WORK REQUEST: Which lines of the entries below run from the one holding "فيلا - 5 غرف" to the one holding "Отель Terranova Suites", inclusive? Set down exactly those lines and no others.

(Stored entries)
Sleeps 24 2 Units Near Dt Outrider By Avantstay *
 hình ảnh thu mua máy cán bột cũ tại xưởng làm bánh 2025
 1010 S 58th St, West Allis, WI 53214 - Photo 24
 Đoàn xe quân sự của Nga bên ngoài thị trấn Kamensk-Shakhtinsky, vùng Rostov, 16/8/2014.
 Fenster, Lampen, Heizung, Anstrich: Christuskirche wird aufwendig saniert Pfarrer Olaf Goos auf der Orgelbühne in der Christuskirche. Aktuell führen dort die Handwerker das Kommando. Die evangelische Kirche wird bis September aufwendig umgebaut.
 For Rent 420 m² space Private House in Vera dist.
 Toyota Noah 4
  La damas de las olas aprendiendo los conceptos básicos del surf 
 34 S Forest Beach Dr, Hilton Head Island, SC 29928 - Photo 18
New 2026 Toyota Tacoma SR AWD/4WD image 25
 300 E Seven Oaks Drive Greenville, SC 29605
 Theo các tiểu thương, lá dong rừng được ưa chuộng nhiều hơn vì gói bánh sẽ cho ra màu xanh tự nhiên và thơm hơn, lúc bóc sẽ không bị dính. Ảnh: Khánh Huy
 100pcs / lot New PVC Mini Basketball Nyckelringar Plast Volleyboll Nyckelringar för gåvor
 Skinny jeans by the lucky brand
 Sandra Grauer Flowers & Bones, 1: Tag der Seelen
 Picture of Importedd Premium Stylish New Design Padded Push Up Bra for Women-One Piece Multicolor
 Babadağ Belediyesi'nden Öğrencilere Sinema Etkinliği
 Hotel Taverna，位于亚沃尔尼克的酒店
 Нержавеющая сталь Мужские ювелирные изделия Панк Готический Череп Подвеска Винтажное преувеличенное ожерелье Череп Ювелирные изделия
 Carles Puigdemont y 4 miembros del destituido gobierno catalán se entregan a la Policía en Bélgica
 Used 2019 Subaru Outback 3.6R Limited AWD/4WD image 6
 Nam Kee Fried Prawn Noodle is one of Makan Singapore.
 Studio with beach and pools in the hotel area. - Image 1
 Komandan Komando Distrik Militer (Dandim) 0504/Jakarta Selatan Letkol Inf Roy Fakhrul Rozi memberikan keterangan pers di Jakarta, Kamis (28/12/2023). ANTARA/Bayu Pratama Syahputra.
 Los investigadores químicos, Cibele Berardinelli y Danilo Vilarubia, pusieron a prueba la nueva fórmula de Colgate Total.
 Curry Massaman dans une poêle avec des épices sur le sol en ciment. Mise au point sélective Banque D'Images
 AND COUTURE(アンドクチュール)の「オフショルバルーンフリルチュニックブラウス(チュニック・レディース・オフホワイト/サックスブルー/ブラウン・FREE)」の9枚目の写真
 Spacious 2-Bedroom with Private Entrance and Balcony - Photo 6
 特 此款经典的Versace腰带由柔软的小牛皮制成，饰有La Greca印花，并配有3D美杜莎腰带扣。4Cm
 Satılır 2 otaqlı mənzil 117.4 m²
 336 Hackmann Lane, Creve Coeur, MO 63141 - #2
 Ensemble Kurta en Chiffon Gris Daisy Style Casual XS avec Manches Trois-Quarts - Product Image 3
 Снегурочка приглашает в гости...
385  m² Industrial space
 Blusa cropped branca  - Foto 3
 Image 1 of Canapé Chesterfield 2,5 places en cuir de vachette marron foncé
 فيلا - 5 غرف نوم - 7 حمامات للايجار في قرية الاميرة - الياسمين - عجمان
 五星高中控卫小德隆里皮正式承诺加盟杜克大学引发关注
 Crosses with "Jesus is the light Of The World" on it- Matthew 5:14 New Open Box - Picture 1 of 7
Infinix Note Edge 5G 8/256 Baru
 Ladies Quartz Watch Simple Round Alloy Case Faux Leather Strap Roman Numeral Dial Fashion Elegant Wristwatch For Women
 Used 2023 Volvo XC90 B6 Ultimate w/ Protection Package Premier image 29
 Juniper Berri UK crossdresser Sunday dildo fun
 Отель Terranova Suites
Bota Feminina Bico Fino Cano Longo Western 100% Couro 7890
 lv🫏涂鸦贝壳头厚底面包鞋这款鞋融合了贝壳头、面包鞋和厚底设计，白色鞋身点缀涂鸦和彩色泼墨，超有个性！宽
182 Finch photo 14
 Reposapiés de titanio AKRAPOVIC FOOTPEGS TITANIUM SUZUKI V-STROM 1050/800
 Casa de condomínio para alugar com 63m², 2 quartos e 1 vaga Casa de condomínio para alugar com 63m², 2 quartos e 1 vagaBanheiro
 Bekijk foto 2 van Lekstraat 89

WRITTEN ANSWER:
 فيلا - 5 غرف نوم - 7 حمامات للايجار في قرية الاميرة - الياسمين - عجمان
 五星高中控卫小德隆里皮正式承诺加盟杜克大学引发关注
 Crosses with "Jesus is the light Of The World" on it- Matthew 5:14 New Open Box - Picture 1 of 7
Infinix Note Edge 5G 8/256 Baru
 Ladies Quartz Watch Simple Round Alloy Case Faux Leather Strap Roman Numeral Dial Fashion Elegant Wristwatch For Women
 Used 2023 Volvo XC90 B6 Ultimate w/ Protection Package Premier image 29
 Juniper Berri UK crossdresser Sunday dildo fun
 Отель Terranova Suites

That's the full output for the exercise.